### EXTRACTED MATERIAL
════════
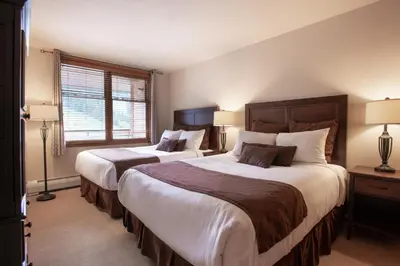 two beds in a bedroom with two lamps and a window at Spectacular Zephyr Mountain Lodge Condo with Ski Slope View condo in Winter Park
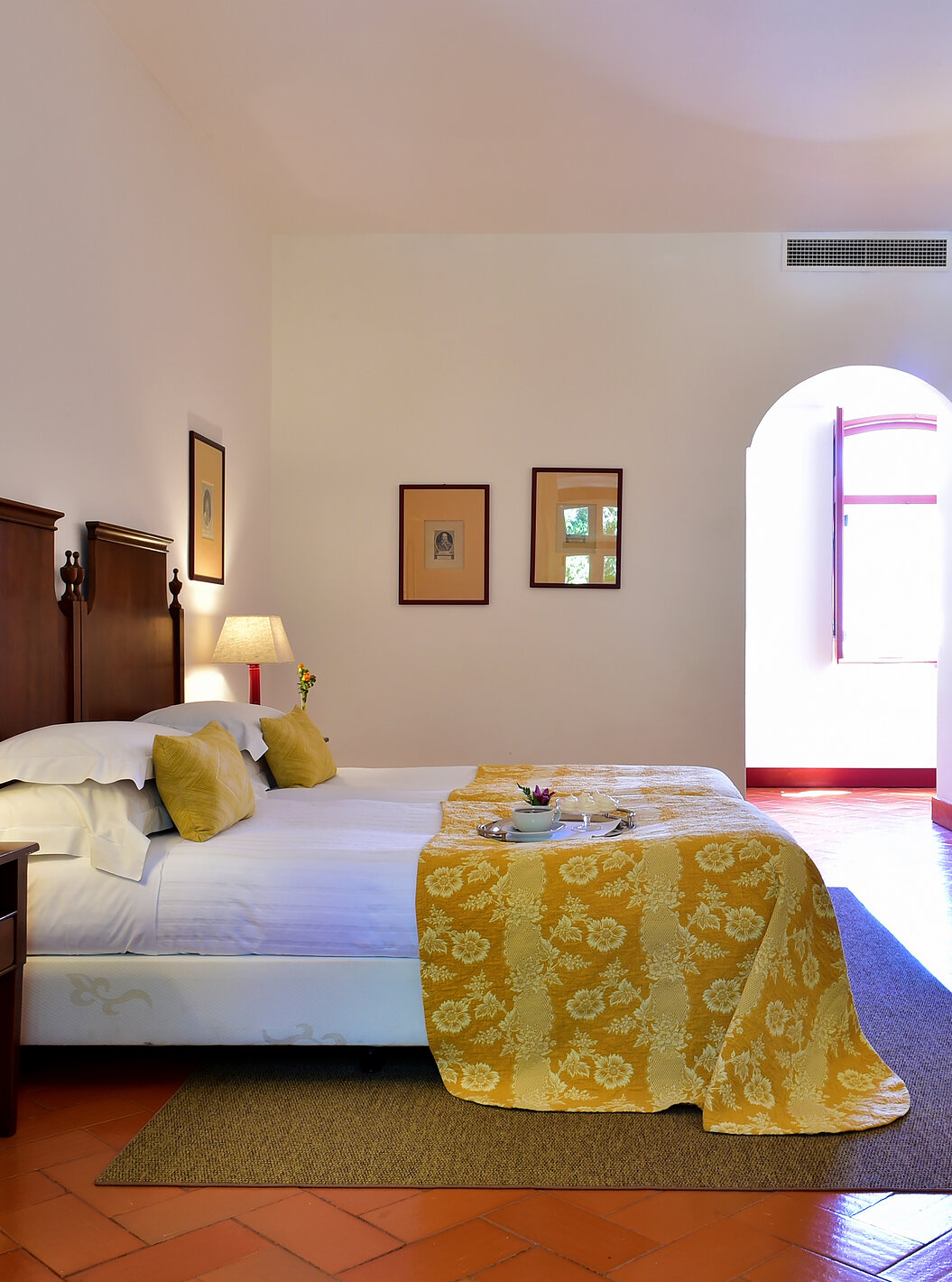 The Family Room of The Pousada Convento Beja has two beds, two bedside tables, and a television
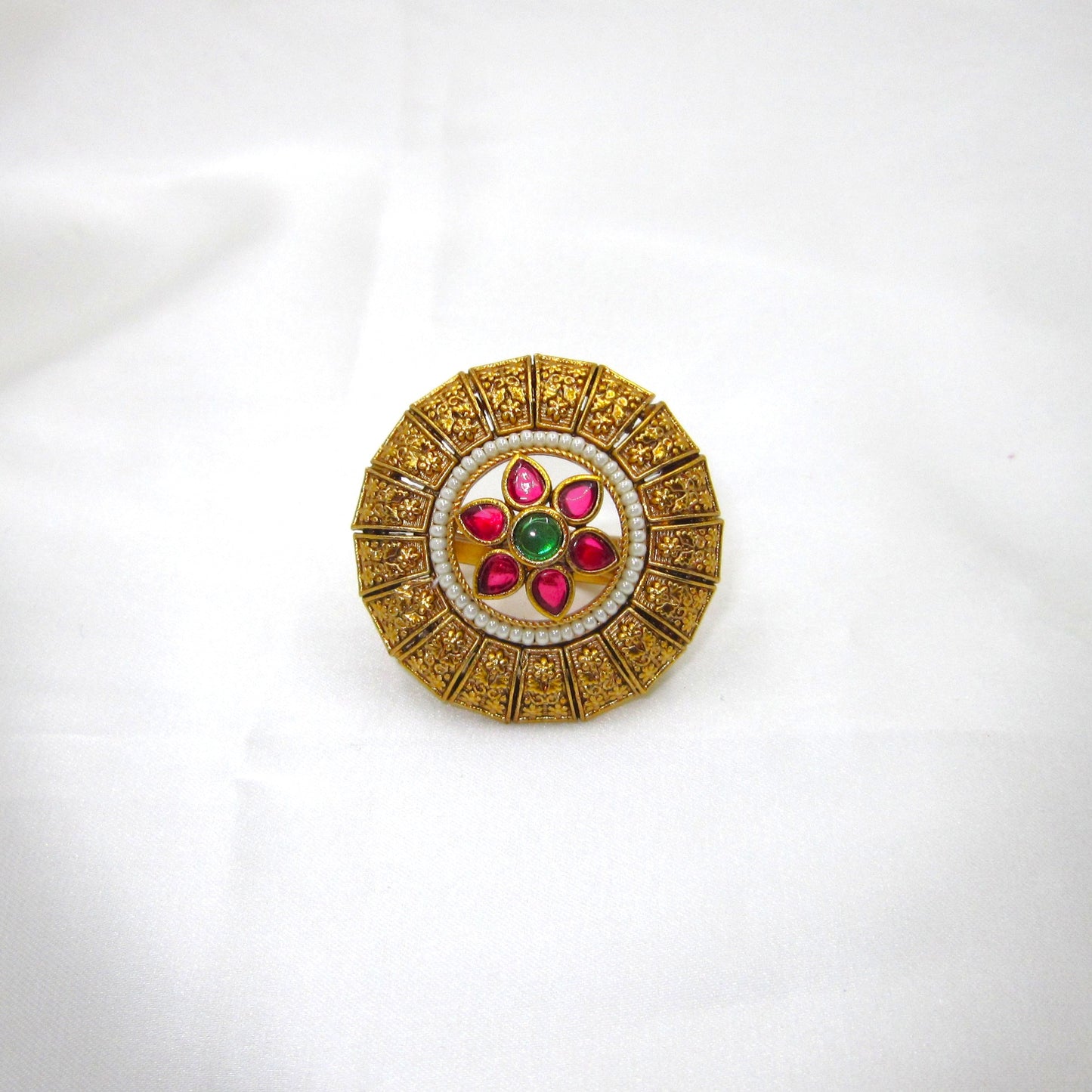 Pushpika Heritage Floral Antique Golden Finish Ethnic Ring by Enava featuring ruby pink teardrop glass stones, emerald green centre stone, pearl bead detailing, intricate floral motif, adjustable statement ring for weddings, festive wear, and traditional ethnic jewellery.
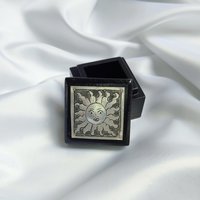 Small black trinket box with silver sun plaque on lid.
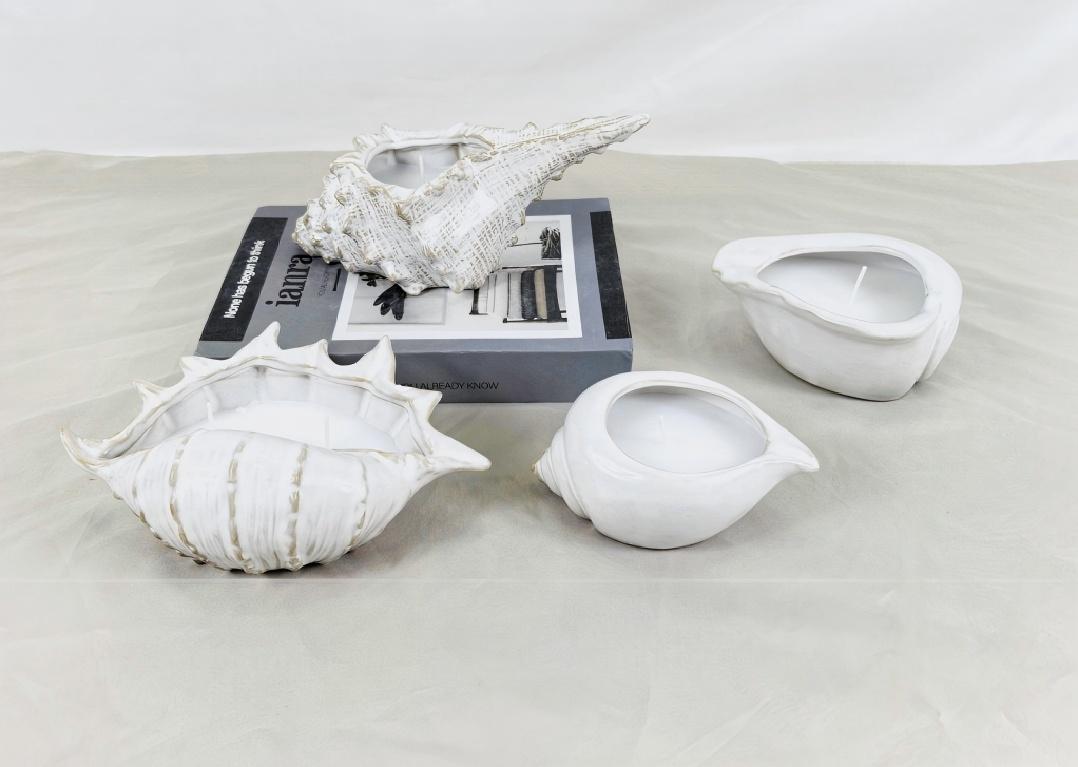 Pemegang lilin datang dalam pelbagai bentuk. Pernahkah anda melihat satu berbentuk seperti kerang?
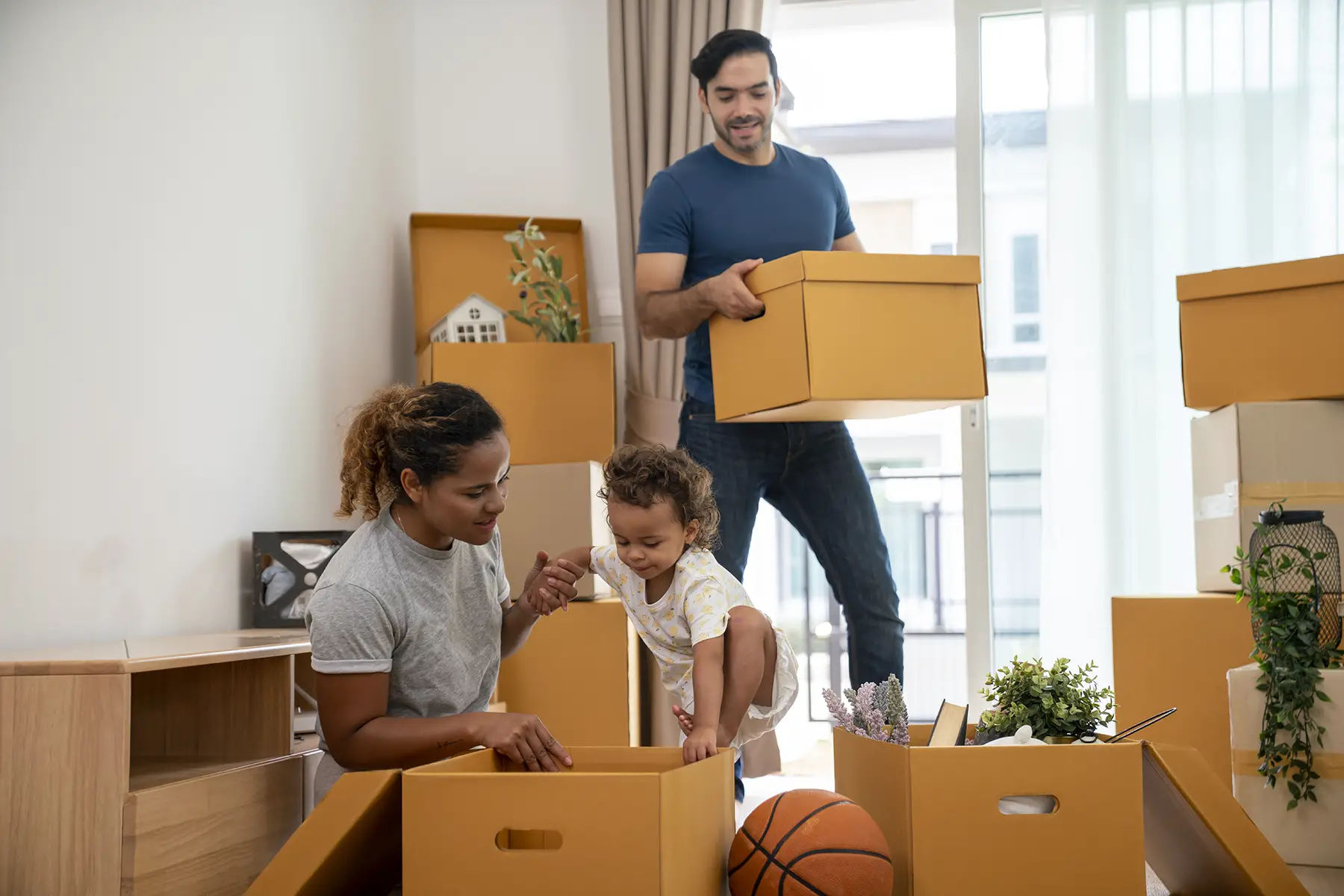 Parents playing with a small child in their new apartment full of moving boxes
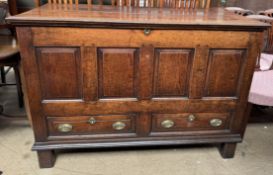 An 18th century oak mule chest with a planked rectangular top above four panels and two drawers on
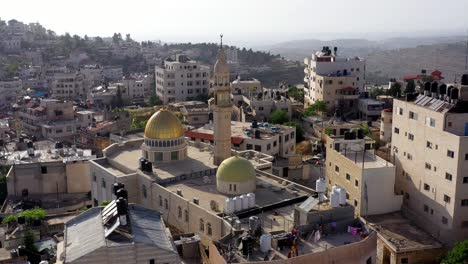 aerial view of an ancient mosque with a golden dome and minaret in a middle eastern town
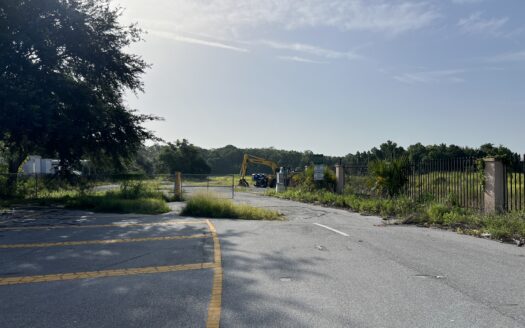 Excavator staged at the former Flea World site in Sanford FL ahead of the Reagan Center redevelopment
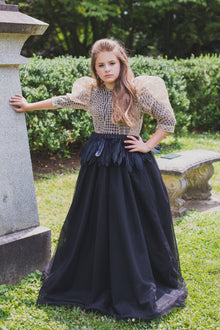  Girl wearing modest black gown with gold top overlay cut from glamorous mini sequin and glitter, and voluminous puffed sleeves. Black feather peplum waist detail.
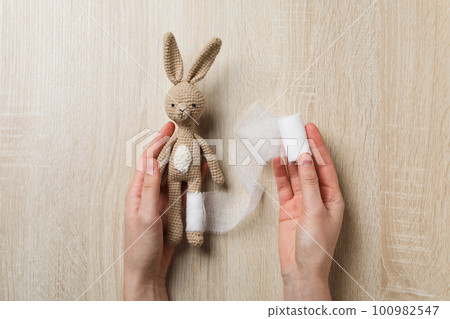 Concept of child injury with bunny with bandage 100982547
════════
### WHAT YOU HAVE TO DO
Here the job is to copy the listing above word for word, starting at the line with "The Family Room" and ending at the line with "Parents playing with", and to leave out the pictures.

### TASK OUTPUT
 The Family Room of The Pousada Convento Beja has two beds, two bedside tables, and a television
 Pushpika Heritage Floral Antique Golden Finish Ethnic Ring by Enava featuring ruby pink teardrop glass stones, emerald green centre stone, pearl bead detailing, intricate floral motif, adjustable statement ring for weddings, festive wear, and traditional ethnic jewellery.
 Small black trinket box with silver sun plaque on lid.
 Pemegang lilin datang dalam pelbagai bentuk. Pernahkah anda melihat satu berbentuk seperti kerang?
 Parents playing with a small child in their new apartment full of moving boxes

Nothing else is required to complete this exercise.